Artificial lights may soon guide your car, too: In the quest for cars that understand the world around them and respond intelligently, a growing number of research engineers are exploring systems that encode signals in LED light.
“We envision car lights transmitting messages that your eyes can’t see,” says Richard Roberts, a research scientist at Intel. “They’re blinking out messages to be used by other automobiles for safety reasons: positioning, collision avoidance, cooperative driving—maybe even someday for autonomous driving.”
Roberts has been a part of this work since Intel started looking into visible light communication (VLC) in 2008, and he’s seen it go from the “next Wi-Fi” to a research topic on hold—at least at Intel. While companies and researchers have tried using visible light to send extra information from a sign when scanned, as with a QR code, to pinpoint locations within a store, and even as a high-bandwidth Wi-Fi substitute—called Li-Fi—it just hasn’t caught on in the mainstream.
Now Roberts and other researchers think they’ve found its killer app: car-to-car communications.
VLC is based on the idea that while humans can’t pick up on fast modulations in light, cameras can. Unlike Li-Fi, which uses special receivers, versions of VLC for cars rely on data rates low enough for ordinary cameras and would use the car’s existing lights, making such a system inherently inexpensive. The lack of purpose-built equipment also distinguishes the effort from today’s radio-frequency communication standard for vehicles.
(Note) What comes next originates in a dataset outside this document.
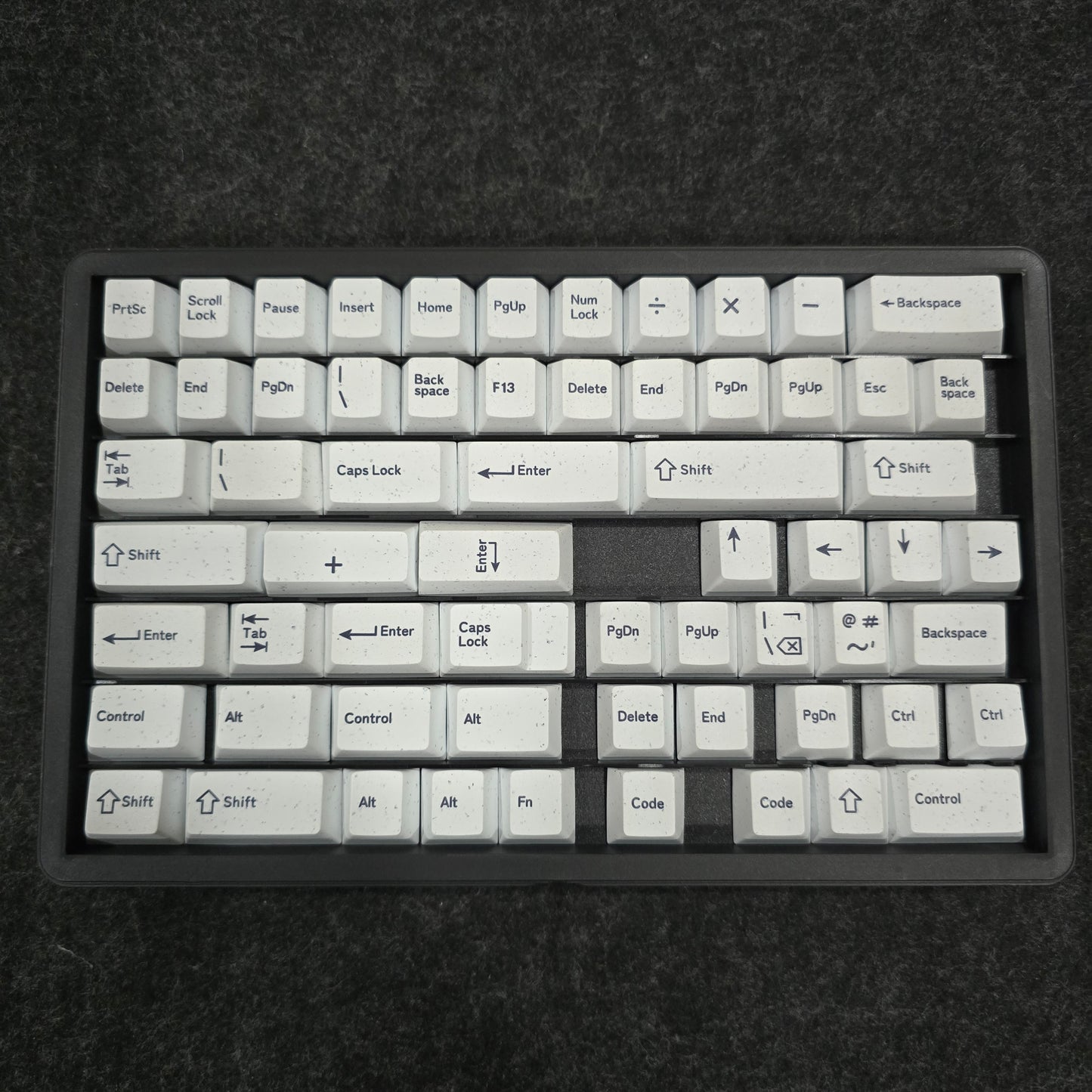 Quartz Stone Premium Cherry PBT Keycaps With High Quality Keys Storage Box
“Adding more hardware onto a device is always an issue,” says Roberts. “But cars are becoming full of cameras.” In fact, the United States will require back-up cameras to be installed in new cars beginning in 2018. And many cars already have LED headlights that can be used for transmitting. “So we said, pragmatically, what can you do with that? It turns out you can do quite a bit.”
Roberts and others are working on ways to communicate details about a vehicle’s size, speed, and actions on the road so that the cars around it can calculate its exact location and be aware of its behavior. Such systems could warn of impending collisions, help judge whether lane changes are possible, and help coordinate cooperative adaptive cruise control, where the cars signal to one another so they can respond quickly to upcoming changes in traffic flow.
Hsin-Mu Tsai, a computer scientist at National Taiwan University, has been working on a prototype VLC device to increase the safety of the cheap motor scooters that are common on the streets of Taiwan. Apart from its affordability, Tsai says that one of VLC’s greatest advantages is something that initially sounds like a problem: the fact that it works only over line of sight.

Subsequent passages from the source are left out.